House debates
Tuesday, 13 May 2008
Condolences
Hon. John Norman Button
2:16 pm
Brendan Nelson (Bradfield, Liberal Party, Leader of the Opposition) Share this | Hansard source
On behalf of the opposition I join very strongly in supporting this condolence motion, and it is with sadness that it is necessary to support it. John Button was one of those characters in Australian public life of whom all Australians can and should be very proud. He brought integrity, passion, good humour and enormous intellectual depth to Australian life and to the Australian parliament. He was a successful politician by any standard: a senator for 19 years, leader of the Labor Party in the Senate for 12 years and industry minister for 10 years. He was a key figure in the Labor Party’s modern history and instrumental to much of its success.

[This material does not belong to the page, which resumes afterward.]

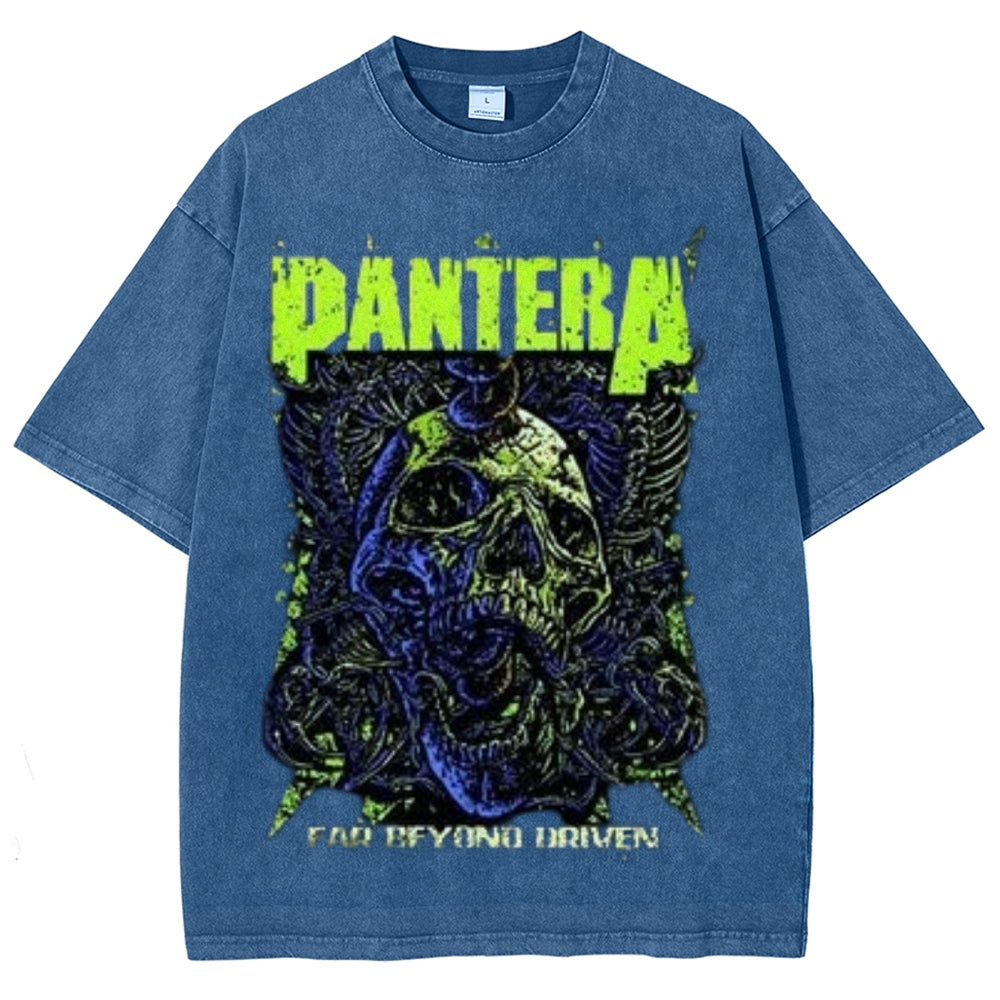 Unisex Vintage The Pantera Rock Band Print Short Sleeve Casual Graphic Washed T-shirt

John began his working career as a labour lawyer and he rose to the position of senior partner at the Melbourne firm of Maurice Blackburn and Co. and stayed with the firm until he was elected in November 1974. He had joined the Carlton branch of the Labor Party in 1952 and was one of the ‘four just men’ who resolved in 1965 to challenge the extreme Left, which then controlled the state ALP and had been responsible for rendering Labor unelectable in Victoria. They formed a loose group known as the Participants to push for reform and to revitalise his party, and helped to bring about federal intervention in the Victorian branch of the Labor Party in 1970. On the eve of the 1983 election John Button wrote to his friend Bill Hayden convincing him to stand down in favour of Bob Hawke. At his heavily attended funeral Bill Hayden paid tribute to him and said:
... the quality of a good friend who delivers bad personal news with honesty and courage, and I think I’d add grace.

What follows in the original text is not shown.